If you do end up competing against another potential buyer, consider earnest money (offering a deposit). This will show the seller you’re serious. Any willingness to offer the down payment, or part of it (in cash), will attract and hold the seller’s attention. Just be sure to make any offer contingent upon inspection (to ensure you’re not buying a problem property with unseen issues) and disclosure statements (if you haven’t received these documents yet; more on disclosure below).
Remember: the most appropriate offer is one you can afford. If increasing your bid to meet the seller’s demands leaves you financially strapped, it isn’t appropriate. Consult your financial institution to help you find the mortgage arrangement that best works for you.
Review Disclosure Documents and Reports
Once your offer is accepted, be sure you’ve reviewed all necessary paperwork. Disclosure informs the buyer of all the specifics of the home and their purchase, ultimately defining exactly what they are getting, and protects the seller from future liability. Requirements can vary from one jurisdiction to another but could include knowledge of a leaky roof or cracked foundation, or reporting work done with or without permits. A professional realtor will help you to complete any necessary documents and reports.
Disclosure does not necessarily include assessment or inspection, but if the seller has such reports, it must be indicated and provided to the buyer when the offer has been accepted (some will provide before an official offer). Most disclosure regulations are handled on the state level (with the exception of lead paint). While states vary and often change their rules, any licensed agent will be able to guide you through this process to ensure you are totally covered.
If you are going it alone, you will rely on the inspections and disclosures of the seller; both sides can cover their interests by signing a disclosure agreement.
Inspect The Home Before Completing The Purchase
Don’t just trust your eyes. Once your offer is accepted, order a professional home inspection.
Home inspections may reveal problems such as termites, mold and pests. Depending on the seriousness of the problem that’s discovered, a home warranty or reduction in price may be deemed appropriate by both the buyer and seller.
Consider a Seller Concession in Your Negotiations
Keep in mind: While the seller may close at what he considers an appropriate price, he still may make concessions in the buyer’s interest. These concessions can take various forms; for instance, the seller may pay for a licensed inspector or agree to repair problems identified by an inspector. Sellers may also agree to pay closing costs, concede taxes or fees paid in advance, cover appraisal fees, or offer decorating allowances.

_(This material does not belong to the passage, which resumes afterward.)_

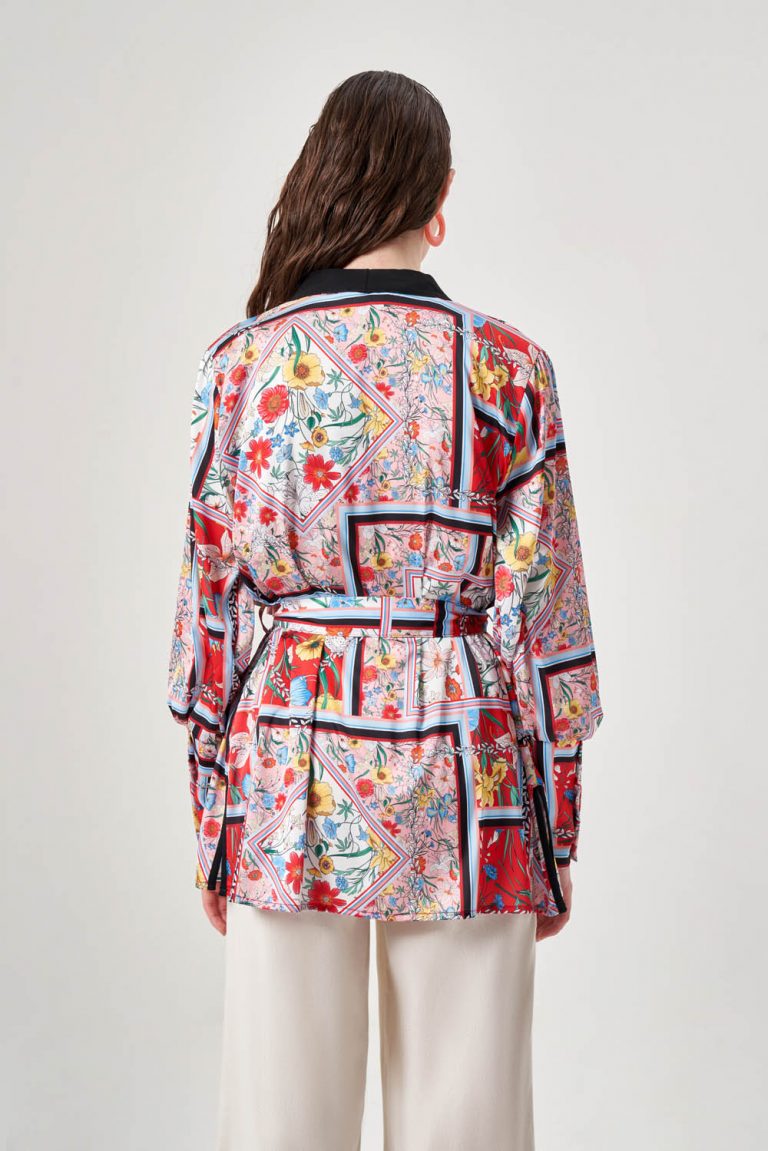 Mizalle Desenli Kalın Kol Manşetli Kimono - Mizalle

If you’re working with a realtor, he or she can help you negotiate these requests and put them into your purchase contract. If you’re making the offer on your own, you’ll have to speak with the seller directly and make an agreement (in writing) that suits both of you.
Buyers and sellers reach agreements on their own every day. However, most transactions benefit from the input of a trained and licensed real estate agent, home inspector, broker or attorney. Buying a home can be stressful; consider using professional help to make your home ownership dreams a reality.